Michael Wilbon: Hi a bad keyboard here which might affect our chat today...Thought I was answering a question about Cleveland's Mike Brown being fired as coach of the Cavaliers today when the words just disappeared from the screen...Gotta get a new laptop this week and I'm thinking about switching to a MAC...So many people say SO MANY great things about Apple's laptops...anything to the contrary I should know? Anyway, just returned from Boston where I spent some time yesterday with Celtics and Orlando Magic before tonight's Game 4, which I'm expecting to result in a sweep...Magic IS salivating over a Lakers-Celtics NBA Championship round...and he's not alone. The Celtics will be there, no question. The Lakers figure to be there, but the Suns are still kicking and will have something to say about that tomorrow night in Phoenix, having climbed back within 2-1 after winning last night...I'm more than fine with Celtics-Lakers...But I live a little bit of the time in Arizona and two of my favorite people in sports are Grant Hill and Steve Nash and I'd love to see them get to the Finals...So I'm conflicted...To tell the truth, I'd probably rather see the Suns win...But I give that about a 30 percent chance...If Phoenix wins tomorrow night, then things change a little...But believe me, all former Celtics and all former Lakers want Boston and L.A. All of them. Every one.


Phoenix, Ariz.: Hey Mr. Wilbon,

I thought that giving you the Myron Rolle greeting might help in getting you to answer me question. ...

What kinds of memories do you have from covering past World Cups? What is unique to the Cup in relation to any other sports gathering? ESPN is dedicating a ton of resources to SA 2010, and I really hope people take notice.

Michael Wilbon: I've never covered a World Cup...Was always planning to cover this one in South Africa but the introduction, thankfully, of family life is going to keep me at home with my two-year-old son...So, I can't tell you what it feels like or how it's different. It's one of two BIG holes in my professional resume...Haven't been to Augusta National, haven't been to a World Cup. ESPN is devoting all kinds of resources to covering the event, as should be the case given the size and scope and international importance of the event. There's actually a scoreboard here in Bristol (I'm here for tonight's pre-game show) that counts down the days remaining until the event begins (June 11)...And given the venue, South Africa, and the historic nature of holding an international competition there after years of absence from the sporting scene, it's going to be one of those things about which I read and hang on every single word.

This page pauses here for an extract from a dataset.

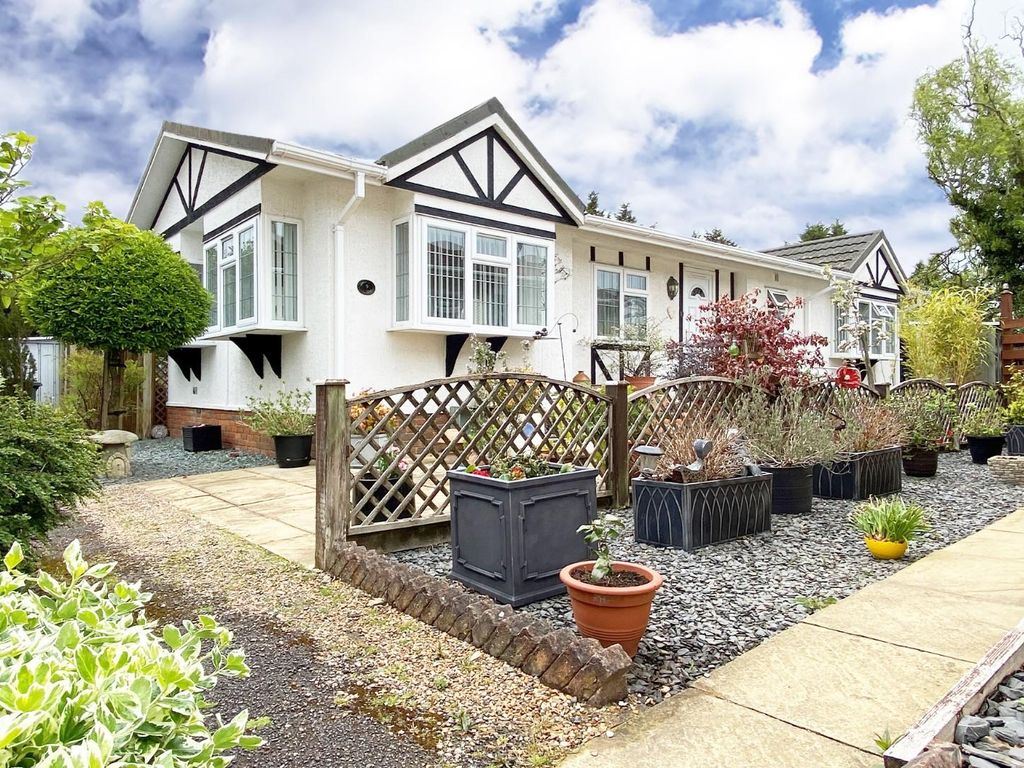2 bed property for sale in Crouch Lane, Winkfield, Windsor SL4 Zoopla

Washington, D.C.: Outstanding piece in yesterday's paper! It made me feel good to be in DC. How long did it take you to write it and do you think that Ted Leonsis is on deck to surpass Dan Snyder as the "Grand Poobah" of local sports owners? Michael Wilbon: After decades without a true headliner, D.C.'s teams could each have someone front and center (Washington Post, May 23)

Michael Wilbon: thanks...Well, Ted's Capitals are certainly the best team in town right now (yes, better than the Nationals) but if the Redskins have a big season that will change. It's all so fluid. But with two professional teams, Ted Leonsis is a pretty important man here. And he has a much, much better relationship with fans, in general, than Dan Snyder. But Snyder has a much bigger product, an NFL team. Winning, ultimately, will determine the pecking order and who's on it almost always does.


Washington, D.C.: Mr. Wilbon,

The Lakers or Celtics have won more than 50 percent of league championships.

One or the other (Lakers or Celtics) has been in the finals 38 times in 59 years.

11 times they have played each other.

Looking at it another way: Either Magic, Kobe, Jordan, or Duncan has played in something like 25 of the last 30 NBA Finals.

MLB gets a lot of flack for its lack of parity, but wow, these NBA numbers are just staggering to me. What is it that leads to such lack of parity in the NBA? Is it a problem? And if so, what can and should be done about it?


Michael Wilbon: Parity is not an issue, never even a stated goal in the NBA. That's the NFL's stated objective (Pete Rozelle, 1960s)...The NBA celebrates its stars, period. They don't approach sports/entertainment the same way at all.


Washington, D.C.: Michael, when will the Magic step up and stop letting themselves be punked? When will Howard step up and give an MVP performance, and stop acting like an AAU spoiled brat?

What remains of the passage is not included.